A process that may lead to significant cost reductions to transport, store and use natural gas and methane hydrates -- especially as compressed natural gas (CNG) and liquefied natural gas (LNG) -- was unveiled late Wednesday by researchers at the Department of Energy's (DOE) National Energy Technology Laboratory (NETL).
Researchers said they have developed a way to rapidly form methane hydrates and have created specialized nozzles to facilitate the process, which may increase the use of domestic resources for transportation.
Natural gas now provides about one-quarter of total U.S. and global energy consumption. However, about one-third of the world's total gas resources are considered stranded, in locations where costs have been considered too high to develop. For instance, potentially unstable methane hydrates are present in many of the high pressure, low temperature environments, as well as in Arctic permafrost. Earlier this year NETL reported that gas hydrates occur at high saturations within reservoir-quality sands in the Gulf of Mexico (see Daily GPI, April 1).
Gas hydrates retain large amounts of methane, which is the principal component of gas: 1 cubic meter (cm) of solid hydrate may produce 164 cm of methane. Some estimates indicate hydrate deposits contain more organic carbon in the form of methane than all the world's fossil fuel reservoirs combined.
Today natural gas is cooled and compressed to reduce its volume for transport as either CNG or LNG. This conventional method increases the cost of gas for the end-user and is not considered energy efficient. Additionally, some of the gas is lost when LNG is vaporized for transport.
However, NETL researchers said they have found a way to rapidly and continuously form synthetic gas hydrates with just water and methane, using less pressure and cooling than is required to liquefy it. Until now, methane hydrates were formed in a batch process that required hours or even days; NETL's process eliminates the long mixing time associated with the batch process and forms hydrates within minutes.

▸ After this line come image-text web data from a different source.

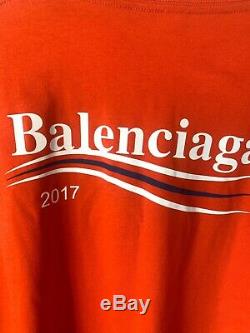 Balenciaga men long sleeve tshirt top sizes in photos by tape 100% authentic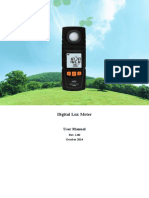 Digital Lux Meter: User Manual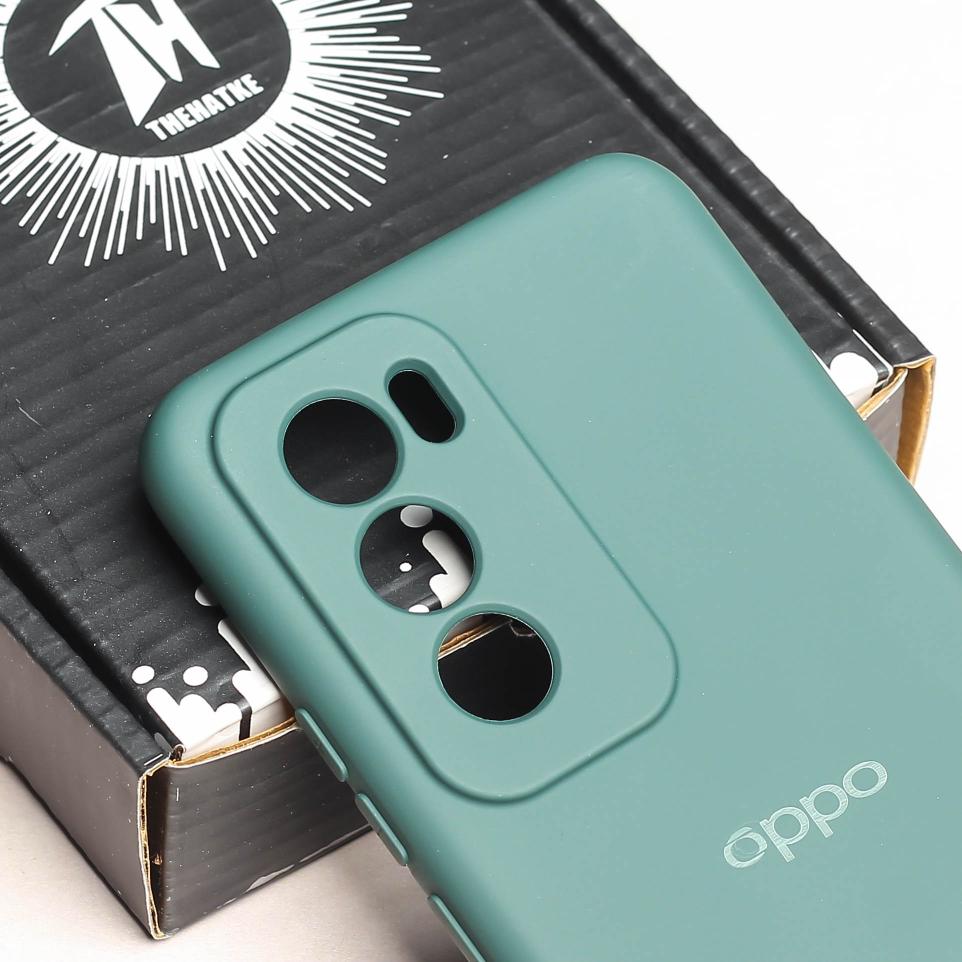 Dark Green Camera Original Silicone case for Oppo Reno 12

"These synthetic hydrates could represent a more energy efficient way to reduce the volume of natural gas so that it can be stored and transported," researchers said.
Experiments were enhanced by NETL's patent-pending nozzle technologies, which researchers said increased atomization and produced the exact mix of water and methane to economically form the synthetic hydrates. The researchers designed, machined, and assembled a variety of nozzles until selecting one that allowed "near instantaneous and continuous formation of a snow-like synthetic hydrate."
With the new technology, NETL said future operators would have an alternative method to store and transport gas. "While not as energy dense as LNG or CNG, production of methane hydrate using this method will require less refrigeration, less pressure and less time than either LNG or CNG production."
Ultimately, NETL researchers said the new process could significantly reduce production, transportation, and storage costs associated with current LNG and CNG processes while enhancing and making more efficient the use of gas from stranded resources.